(Stored items)
──────

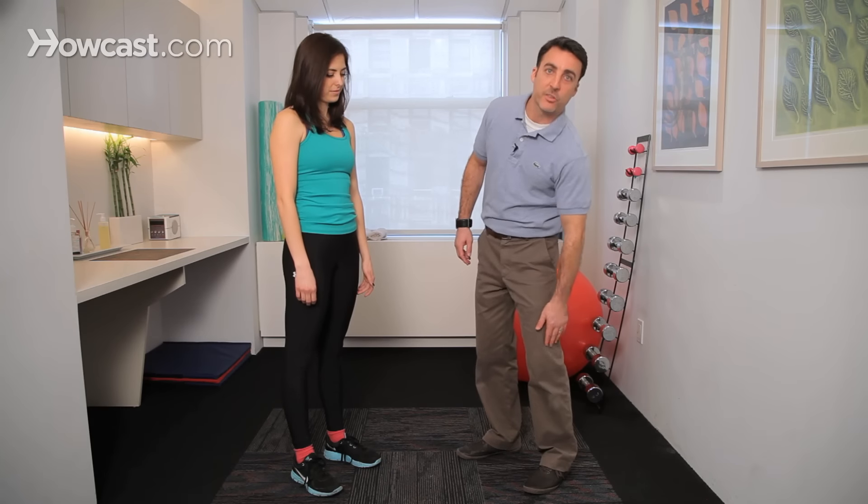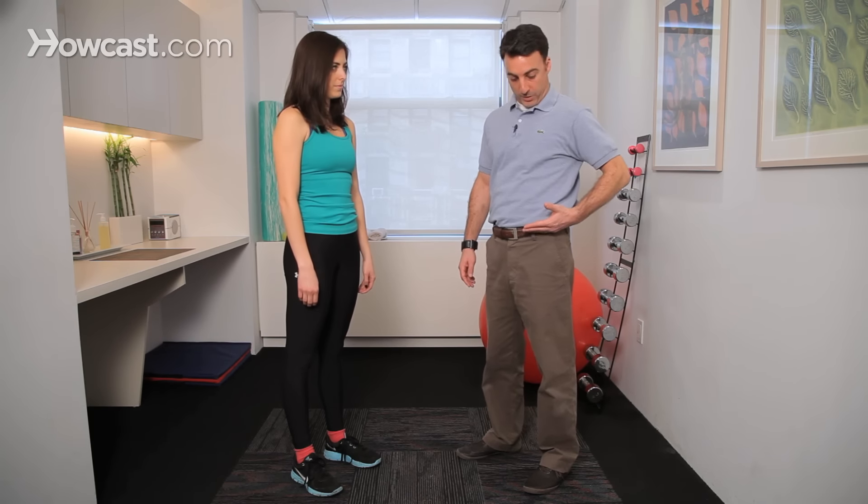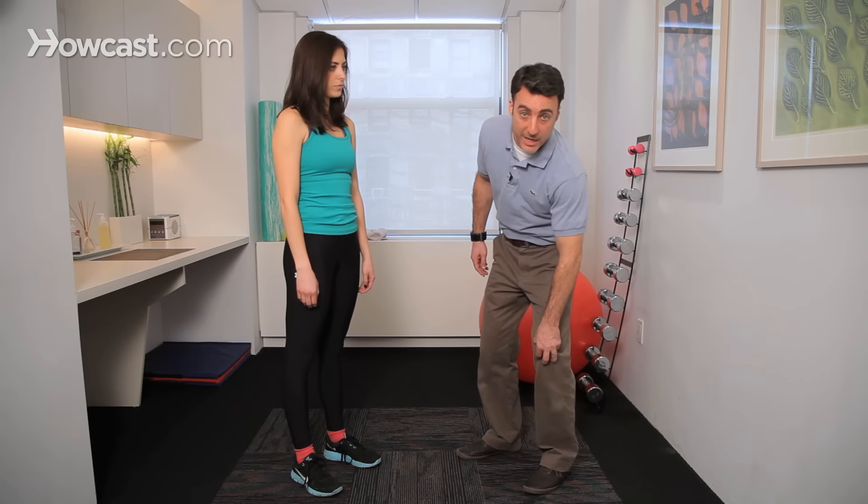You have your vastus medialis on the inner side, your lateralis on the lateral side, and in the middle you have two: your intermedius as well as your rectus femoris. The rectus femoris is the deepest, and along with another muscle of your thigh called your sartorius, are muscles that actually cross your hip joint. They all attach to your knee, but two of them also attach up by your hip.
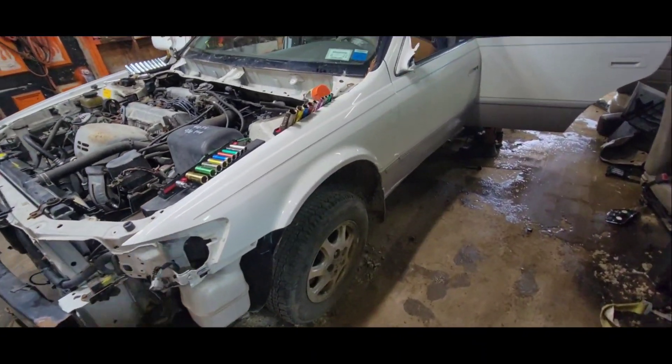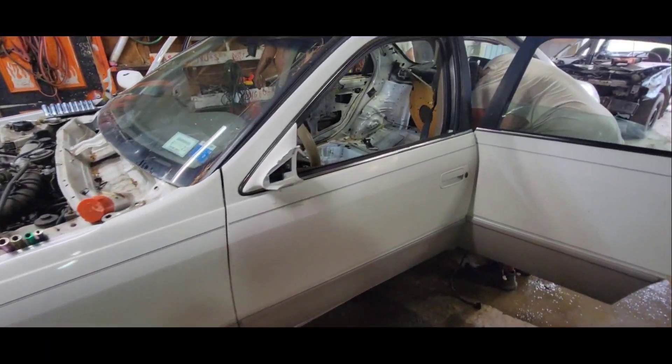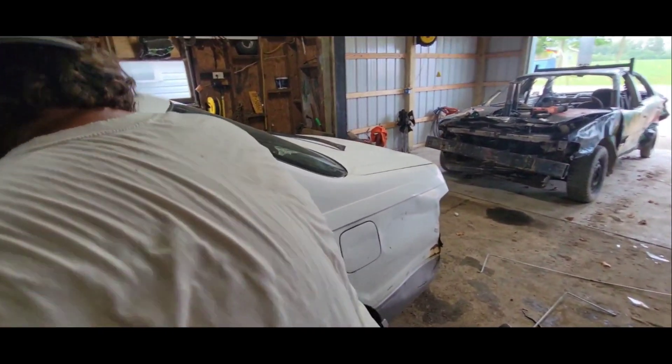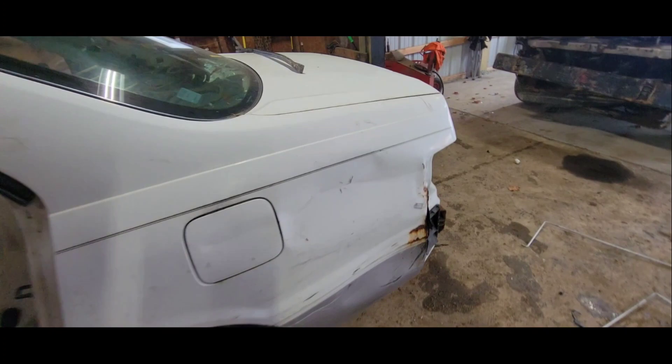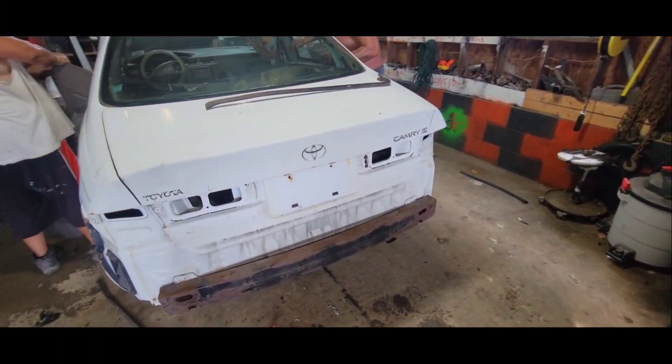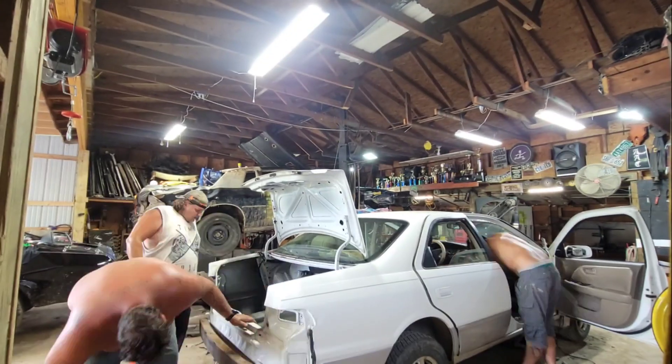Got the whole dash coming out. Floor panel, pedal lighter, this seatbelt, that brass paper floor.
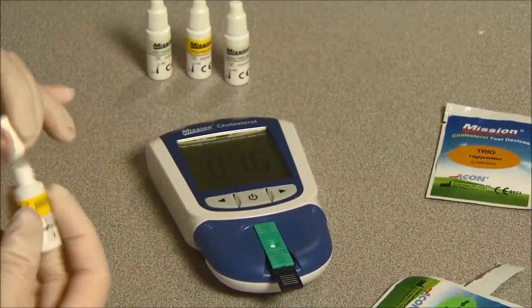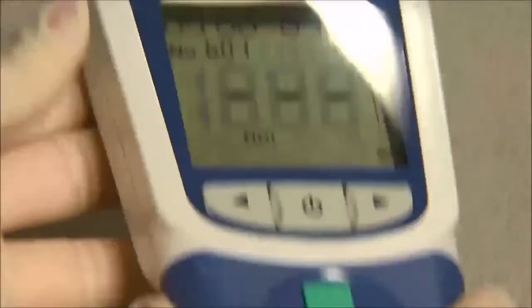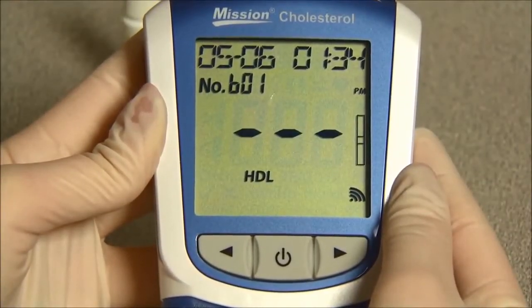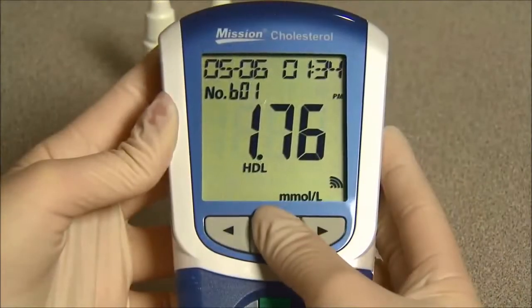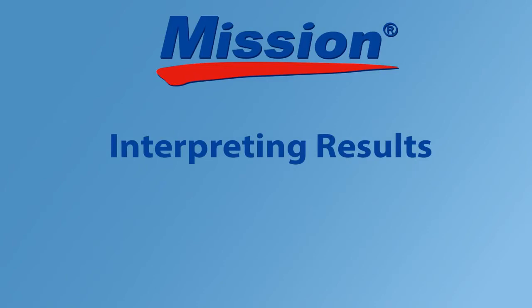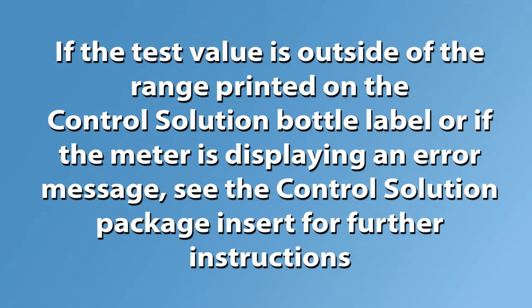Use a 35 µL tip for the 3-in-1 test device and a 10 µL tip for the individual test device. Refer to the Control Solution Packaging Insert for details. Three dashed lines will appear on the meter to show the test is in progress. Read the results on the screen in 2 minutes. The meter will automatically turn off after 5 minutes of inactivity or when the power button is pressed. If the result is within the range printed on the Mission Cholesterol Control Solution bottle label, the meter and test device are performing properly. If the test value is outside of the range or the meter displays an error message, see the Control Solution Package Insert for further instructions. Please contact your local distributor for additional information.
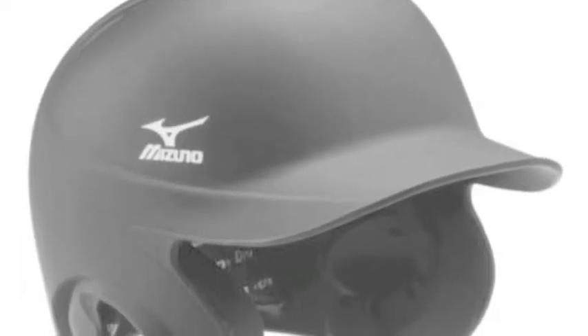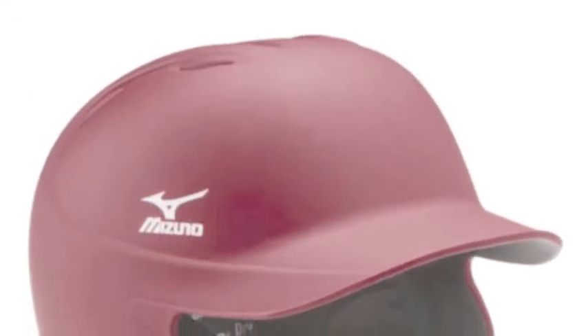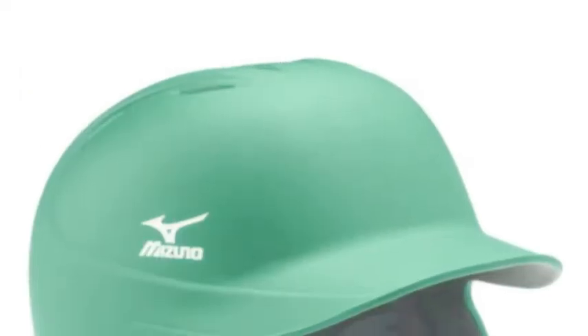The Mizuno MVP MBH252 Solid Batting Helmet is constructed with impact-resistant ADS plastic and EVA foam to protect you from wild pitches and keep your head comfortable.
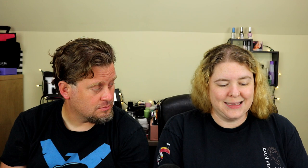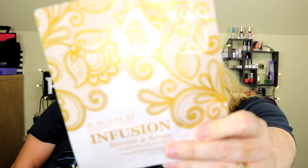The reason we're both doing them is because they expire on September 10th. We're filming this at the end of July for August, and we wanted to make sure we got them done before they expired. This is the Skin Cosmetics Infusion Recover and Renew Single Use Facial Mask. I'm going to go ahead and read the directions, and then John and I will get them on.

──────

Requirement:
Only the lines from the one containing "The Mizuno MVP" through the last line of the entries belong in the answer, given again exactly. Images stay out.

Written solution:
The Mizuno MVP MBH252 Solid Batting Helmet is constructed with impact-resistant ADS plastic and EVA foam to protect you from wild pitches and keep your head comfortable.
The reason we're both doing them is because they expire on September 10th. We're filming this at the end of July for August, and we wanted to make sure we got them done before they expired. This is the Skin Cosmetics Infusion Recover and Renew Single Use Facial Mask. I'm going to go ahead and read the directions, and then John and I will get them on.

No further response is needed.